Di belakang wanita tadi nampak pria muda berpakaian kemeja putih dengan celana katun hitam sedang berdiri tercenung di pinggir trotoar, matanya menatap kosong jalan raya dengan berkali–kali mengusap rambutnya yang jatuh di dahi. Di tangan kirinya tampak sebuah map yang diapit. Ia menyandarkan punggungnya pada tiang lampu jalanan, membuka maskernya sebentar untuk menghelakan nafasnya yang terdengar sesal. Tampak sekali ia ingin meluapkan apa yang ada di dalam dadanya. Tumpukan kekecewaan yang telah menggunung setelah mendapatkan banyak penolakan. Yoona melirik saat melewati pria muda ini, hatinya mendadak gelisah, semoga ia tak bernasib sama dengannya, ucap doa kecil di dalam hatinya.
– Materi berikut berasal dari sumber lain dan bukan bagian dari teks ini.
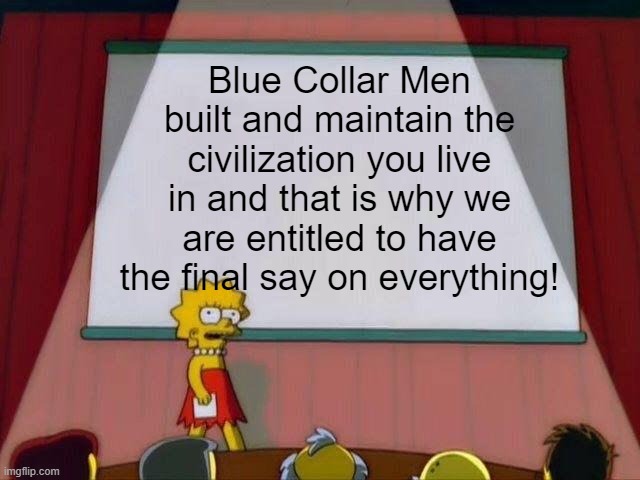 Without Us You're F*****! | Blue Collar Men built and maintain the civilization you live in and that is why we are entitled to have the final say on everything! | image tagged in lisa simpson's presentation,men,politics,society,meme | made w/ Imgflip meme maker
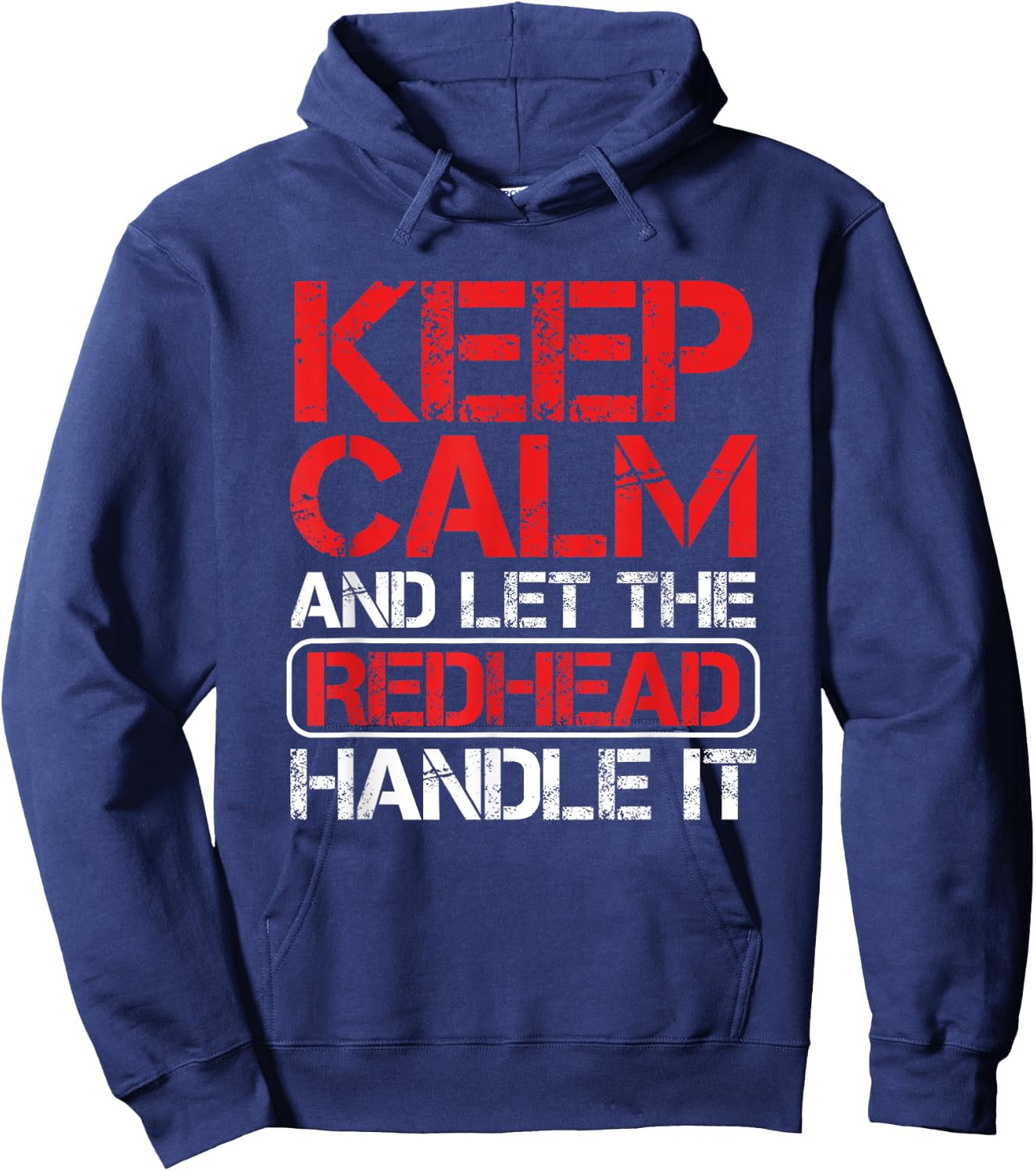 Ginger Redhead Irish Keep Calm And Let The Redhead Handle It Hoodie - Hoodie | Navy
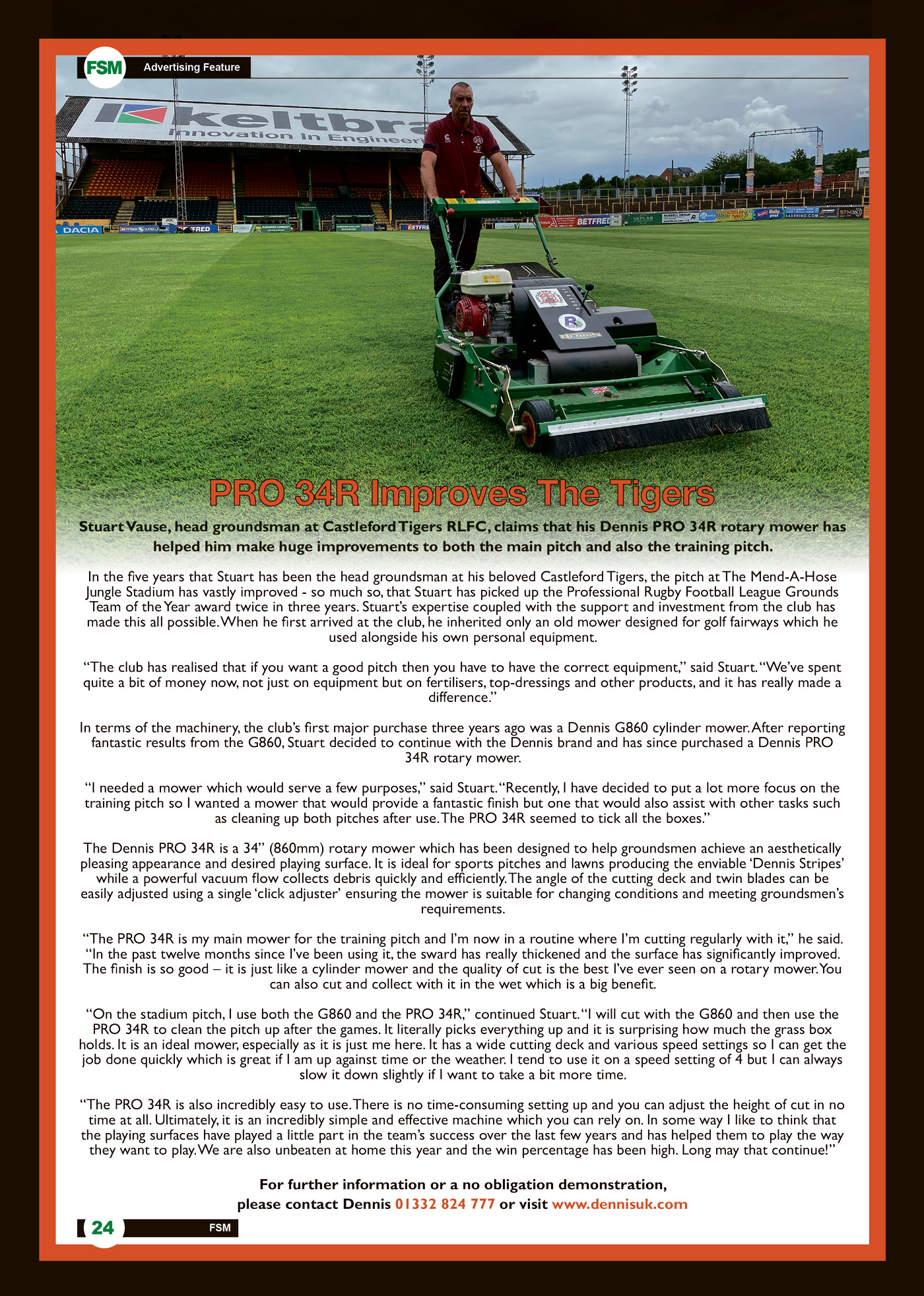 Dennis PRO 34R Improves The Tigers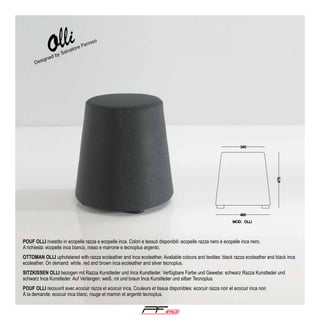 so

d by

igne

Des

ro
Fer
tore
a
Salv

POUF OLLI rivestito in ecopelle razza e ecopelle inca. Colori e tessuti disponibili: ecopelle razza nero e ecopelle inca nero.
A richiesta: ecopelle inca bianco, rosso e marrone e tecnoplus argento.
OTTOMAN OLLI upholstered with razza ecoleather and inca ecoleather. Available colours and textiles: black razza ecoleather and black inca
ecoleather. On demand: white, red and brown inca ecoleather and silver tecnoplus.
SITZKISSEN OLLI bezogen mit Razza Kunstleder und Inca Kunstleder. Verfügbare Farbe und Gewebe: schwarz Razza Kunstleder und
schwarz Inca Kunstleder. Auf Verlangen: weiß, rot und braun Inca Kunstleder und silber Tecnoplus.
POUF OLLI recouvrit avec ecocuir razza et ecocuir inca. Couleurs et tissus disponibles: ecocuir razza noir et ecocuir inca noir.
Á la demande: ecocuir inca blanc, rouge et marron et argenté tecnoplus.

®

 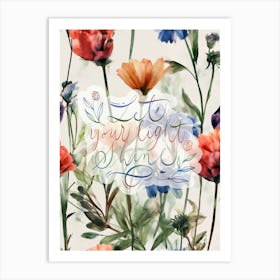 Let Your Light Shine Watercolor Flowers Painting Art Print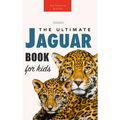 Jaguars The Ultimate Jaguar Book for Kids: 100+ Amazing Jaguar Facts, Photos, Quizzes + More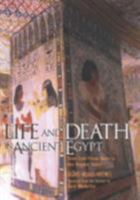 Life and Death in Ancient Egypt: Scenes from Private Tombs in New Kingdom Thebes 0801435064 Book Cover
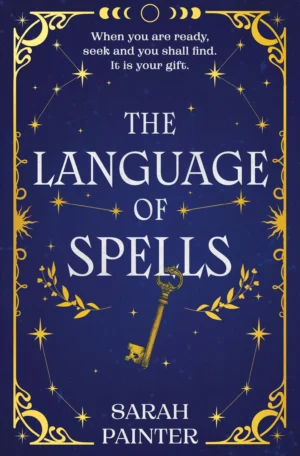 The Language of Spells by Sarah Painter (Paperback)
Berjalan beberapa saat, Yoona melihat seorang pria tua berambut putih yang berjalan kerepotan membawa berbagai macam peralatan kebersihan di kedua tangannya. Tangan kanannya membawa sebuah ember plastik beserta tongkat pel sedang tangan kirinya membawa dua sapu lidi yang cukup besar. Di depan pria tua itu lewat serombongan orang yang berpapasan dengannya, satu dari mereka menyenggolnya hingga membuat tongkat pelnya terlepas dari tangan. Pria tua berambut putih itu menghela nafas, menghentikan langkahnya. Tidak ada seorang pun dari rombongan orang itu memedulikannya. Mereka terus saja berjalan melewati orang tua malang itu. Yoona menggeleng lalu segera menghampiri untuk membantu pria tua tersebut dengan mengambilkan tongkat pelnya yang jatuh.